### Exercise aim
What needs reproducing is the run of lines in the data below starting at the line with "Memorabilia - r11" and ending at the line with "Livro Escravidão Negra", both ends included. Copy it exactly, without pictures, and add nothing.

(Crawled caption data)
=== Section Start ===
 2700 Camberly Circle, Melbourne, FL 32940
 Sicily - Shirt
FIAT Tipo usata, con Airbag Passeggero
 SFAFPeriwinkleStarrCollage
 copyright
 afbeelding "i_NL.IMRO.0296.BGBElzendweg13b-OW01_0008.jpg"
=== Section End ===
=== Section Start ===
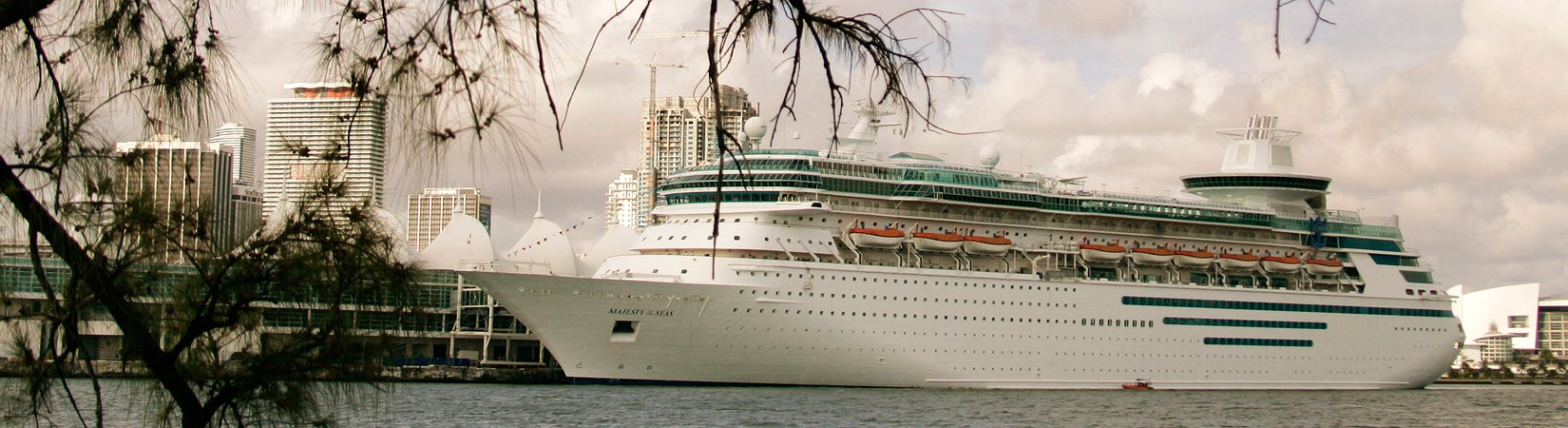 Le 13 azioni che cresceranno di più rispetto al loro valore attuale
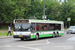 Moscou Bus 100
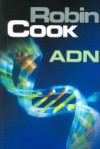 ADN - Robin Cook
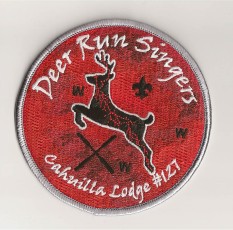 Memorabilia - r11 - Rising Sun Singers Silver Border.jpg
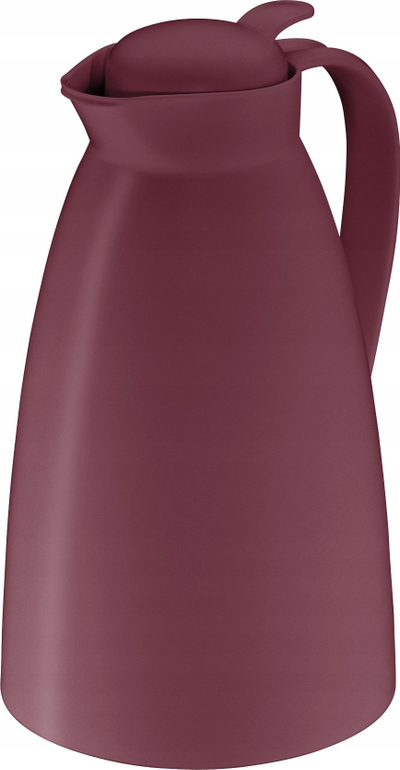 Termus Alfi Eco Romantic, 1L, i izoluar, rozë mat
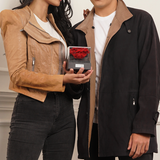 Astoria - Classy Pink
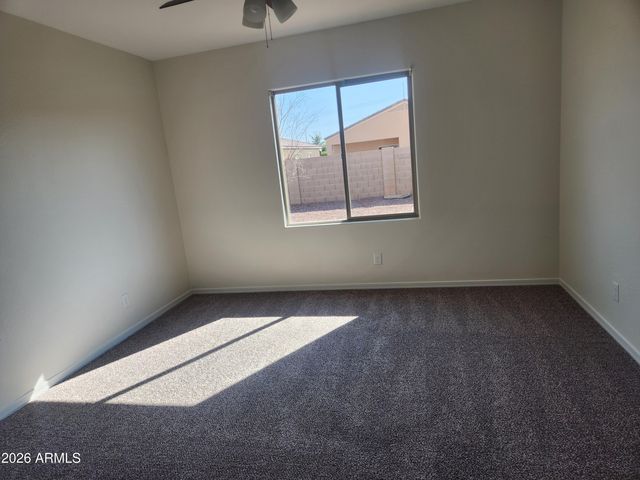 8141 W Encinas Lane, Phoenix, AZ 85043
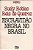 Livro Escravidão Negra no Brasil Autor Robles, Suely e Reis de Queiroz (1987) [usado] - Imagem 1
=== Section End ===
### Task output
 Memorabilia - r11 - Rising Sun Singers Silver Border.jpg
 Termus Alfi Eco Romantic, 1L, i izoluar, rozë mat
 Astoria - Classy Pink
 8141 W Encinas Lane, Phoenix, AZ 85043
 Livro Escravidão Negra no Brasil Autor Robles, Suely e Reis de Queiroz (1987) [usado] - Imagem 1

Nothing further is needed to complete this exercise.